** Opening DATASET RECORDS block **

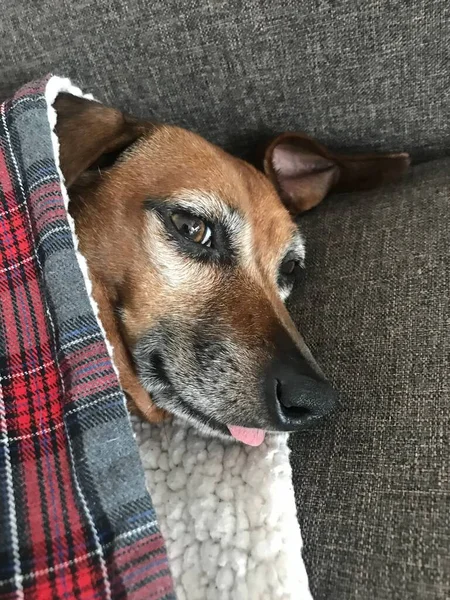 Feliz Perro Dachshund Mezcla Con Lengua Sobresaliendo — Foto de Stock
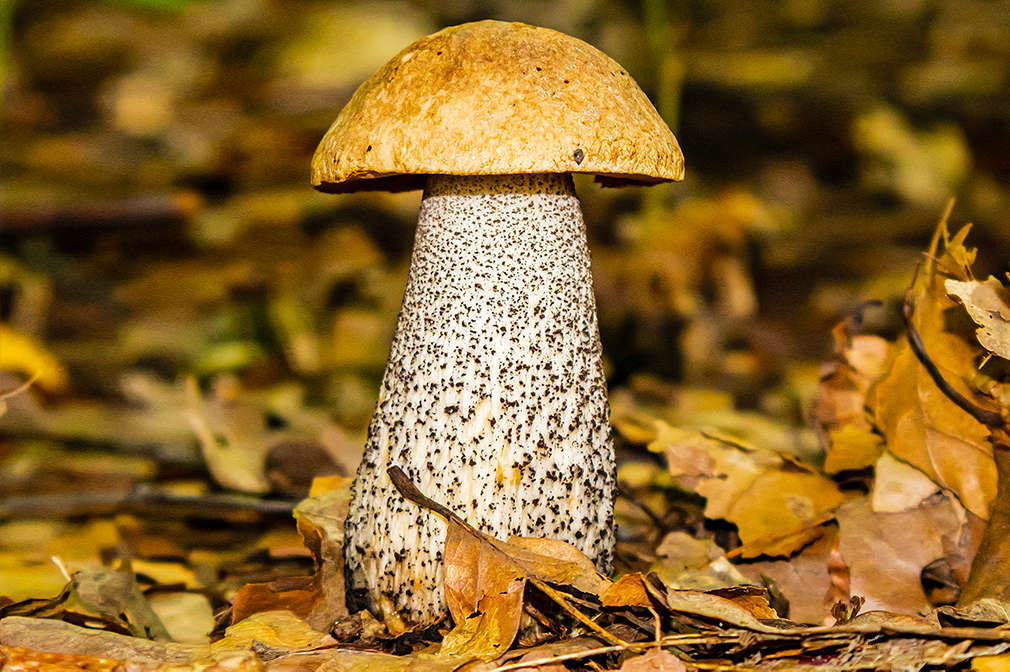 Ein großer Birkenpilz mit dickem schwarz-weißem Stiel auf laubigem Waldboden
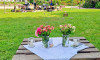 Picknickkonzert mit Jenk&ouml; - Kurpark &Ouml;ttenhofen
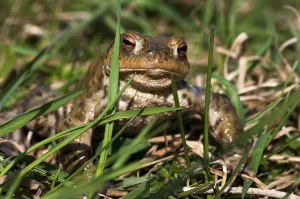 European True Toad Drucke: Common toad (Bufo bufo) in grass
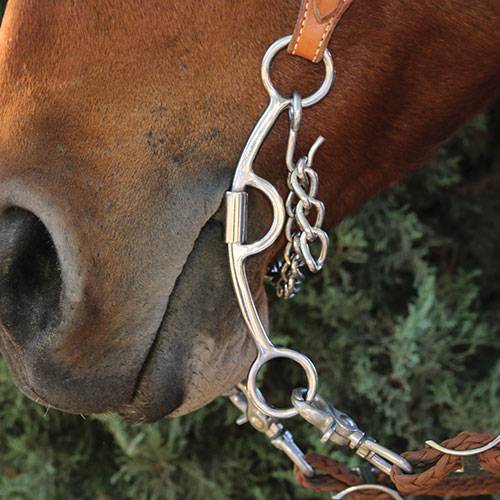 Professionals Choice Bit Barrel Derby Smooth Silver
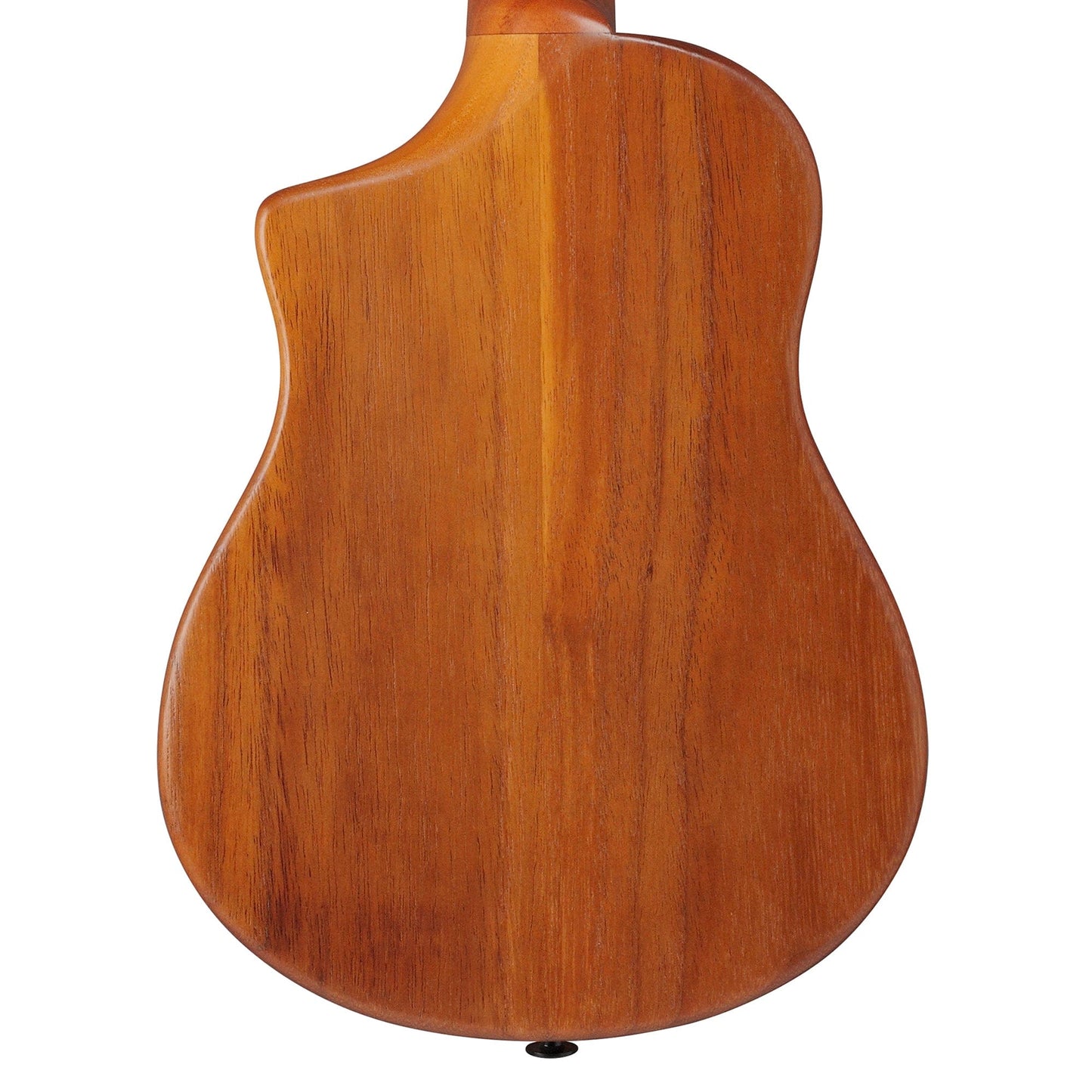 Ibanez AUT10OPN Tenor Ukulele Open Pore Natural Folk Instruments / Ukuleles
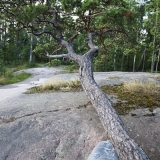 A pine rests on a rock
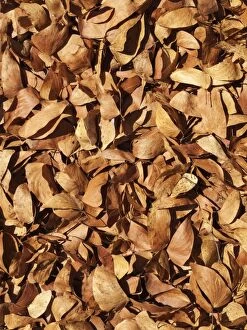 Mopane Leaves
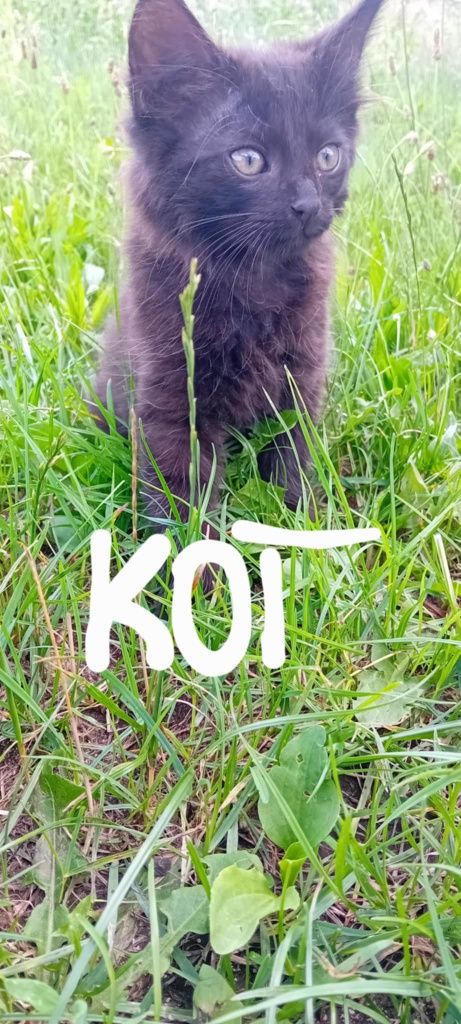 Kotki do oddania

** Closing DATASET RECORDS block **

All lines from the one containing "European True Toad" through the end of the data are to be written out exactly, with nothing added; skip the pictures.

**WRITTEN ANSWER**
 European True Toad Drucke: Common toad (Bufo bufo) in grass
 Professionals Choice Bit Barrel Derby Smooth Silver
 Ibanez AUT10OPN Tenor Ukulele Open Pore Natural Folk Instruments / Ukuleles
 A pine rests on a rock
 Mopane Leaves
 Kotki do oddania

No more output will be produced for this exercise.